Min. Sikorski za przystąpieniem Polski do "kodeksu postępowania"
REKLAMA
"Prowadzimy intensywne rozmowy z polskim przemysłem, ze związkami zawodowymi przemysłu obronnego" - powiedział Sikorski w Brukseli, gdzie wziął udział w spotkaniu ministrów obrony krajów UE.
"Nasz przemysł obronny staje na nogi, ale jeszcze nie ma takich rezerw kapitałowych, które dałyby mu pewność, że sprosta konkurencji. Są rzeczy, które możemy zrobić w kraju, by pomóc naszemu przemysłowi. Będę o to zabiegał" - dodał Sikorski.
Jego zdaniem, "są instrumenty, które możemy wykorzystać tak, by ewentualna decyzja o przystąpieniu do kodeksu była decyzją dobrą zarówno dla Wojska Polskiego jak i dla polskiego przemysłu zbrojeniowego". Nie zdradził szczegółów.
Wysoki przedstawiciel UE ds. polityki zagranicznej Javier Solana powitał z zadowoleniem deklaracje Sikorskiego. "Taka decyzja byłaby bardzo dobra dla Polski i dla Europy" - przekonywał. "To bardzo konstruktywne i pozytywne myślenie"- dodał.
Pomysł wzajemnego otwarcia rynków ministrowie obrony krajów członkowskich UE (poza Danią) zaakceptowali w listopadzie zeszłego roku. Chodzi o to, by kraje dzieliły się informacjami o zamówieniach na swoich rynkach zbrojeniowych i otworzyły je dla firm z innych krajów. Zagraniczne firmy będą mogły na równych prawach startować w przetargach. System ma wejść w życie od 1 lipca.
Przeciwko przystąpieniu Polski do tego kodeksu opowiedziało się w minioną środę Polskie Lobby Przemysłowe (PLP). Według PLP, polska branża zbrojeniowa jest jeszcze zbyt słaba, a na stworzeniu jednolitego europejskiego rynku zamówień obronnych skorzystają tylko największe europejskie koncerny.
Przedstawiciele Europejskiej Agencji Obronnej (ang.
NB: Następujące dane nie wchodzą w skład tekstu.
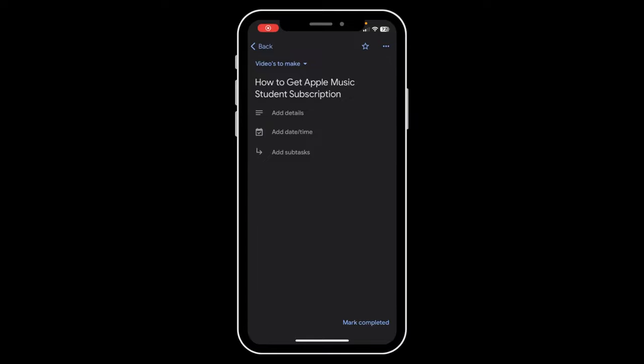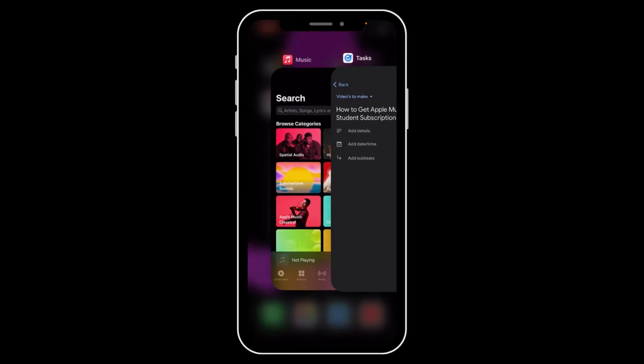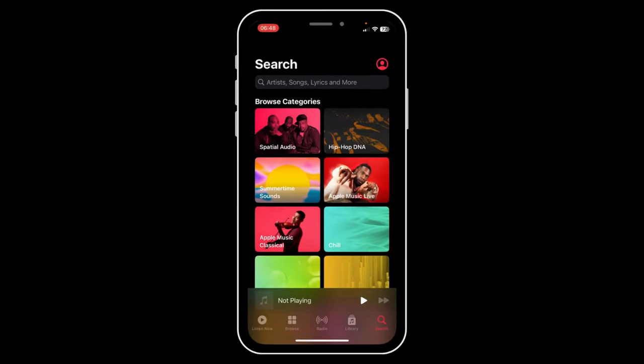Hi everyone. In today's video I'm going to show you how to get the Apple Music student subscription. The first step is to open Apple Music, then tap on your profile icon in the top right corner.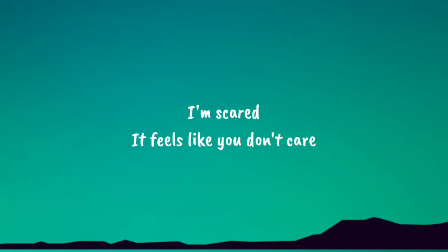I'm scared. It feels like you don't care.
EDA) przekonują, że jest inaczej, a informacja o wszystkich przetargach w UE jest potrzebna przede wszystkim małym i średnim firmom.
Argumentują, że akceptacja kodeksu otworzy nowe możliwości przed polskimi firmami, które mają szanse zaistnieć na europejskim rynku, choćby zostając podwykonawcami zachodnich kontrahentów - nawet jeśli konieczna będzie zmiana profilu produkcji. Dla rządów z kolei to okazja na znalezienie lepszych dostawców, których grono będzie znacznie większe.